Cinderella

Review of Matthew Bourne’s "Cinderella"

February 13, 2019

A review by Keri Tombazian.

From the moment the Ahmanson Theatre welcomed choreographer Matthew Bourne’s bold all-male production of Swan Lake to America in 1997, it was clear­—Mr. Bourne is an enchanter. It is true that to love his work sometimes requires a putting aside notions of convention. Spend the evening searching for tradition and you might end in frustration, missing Bourne’s vision. Yet, there in the tapestry of his wild imaginings, traditions of ballet are present and accounted for and the germ of each classic story remains. In the case of 2017’s The Red Shoes, it was easy to see. The story was, after all, about a dancer.

Here in 2019, Ahmanson audiences are more challenged to join Bourne in his edgy retelling of the classic Cinderella.

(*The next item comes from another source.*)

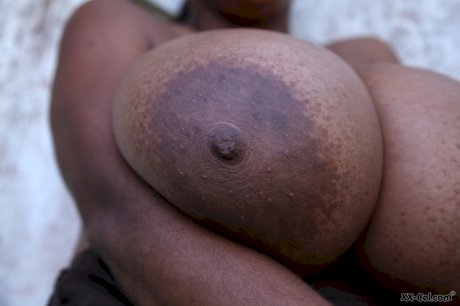 Puerto Rican woman Kristina Milan displaying her very big tits outdoors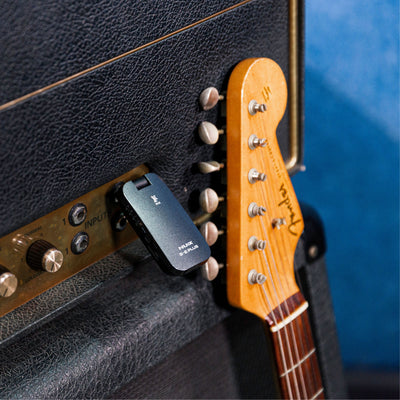 NUX B-2 PLUS wireless guitar receiver plugged on to an amplifier.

This is not your Rodgers and Hammerstein musical and it sure isn’t Disney (although there is a good argument for comparison to the dark themes and visuals of Walt Disney's earliest works.)

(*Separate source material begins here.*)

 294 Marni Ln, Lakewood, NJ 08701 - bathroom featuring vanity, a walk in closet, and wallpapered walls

Set in 1940 wartime London, the prince (Andrew Monaghan) is a fighter pilot, the castle is a grand speakeasy cafe, and the beloved fairy godmother is an Angel (Liam Mower)—a skin-of-gossamer, hair-of-spun-platinum, wholly-male angel. Go ahead and lament not being treated to a rousing playing of Impossible for just a moment, then, forget all about the godmother and let yourself fall under Mower’s spell. His lines are exquisite. His ministrations over Cinderella (the lovely Ashley Shaw), which are expressed in tandem choreography and amplified by Shaw’s pathos, are filled with a kind of mastery befitting an angel.  Bourne’s dancers are magnificent.  Is there anything more satisfying than fantastic ballet dancers who can act?  Witness evil Sybil The Step-Mother (Madelaine Brennan). Step aside Snow White’s Queen, this evil step mother so delights in her cruelty, the audience tittered a cheer when she got her comeuppance in the opening night performance.  Well played, Ms. Brennan; well played. There isn’t a soft performance in the large ensemble led by Shaw, who is every bit the princess-in-waiting.

The show design is front and center in this telling of Cinderella with the dance almost interposed between bombs falling and dastardly villains scheming. In a lovely echo of Cinderella’s turn with a dress-dummy-stand-in for her prince in Act I, so too does Harry the Pilot imagine his lost love in a dance with her abandoned shoe later in the show. Monaghan is as romantic a figure as any taken from the movies of the 1940s. He understands the behavior of the era—such authenticity. And oh, the movement of his dance.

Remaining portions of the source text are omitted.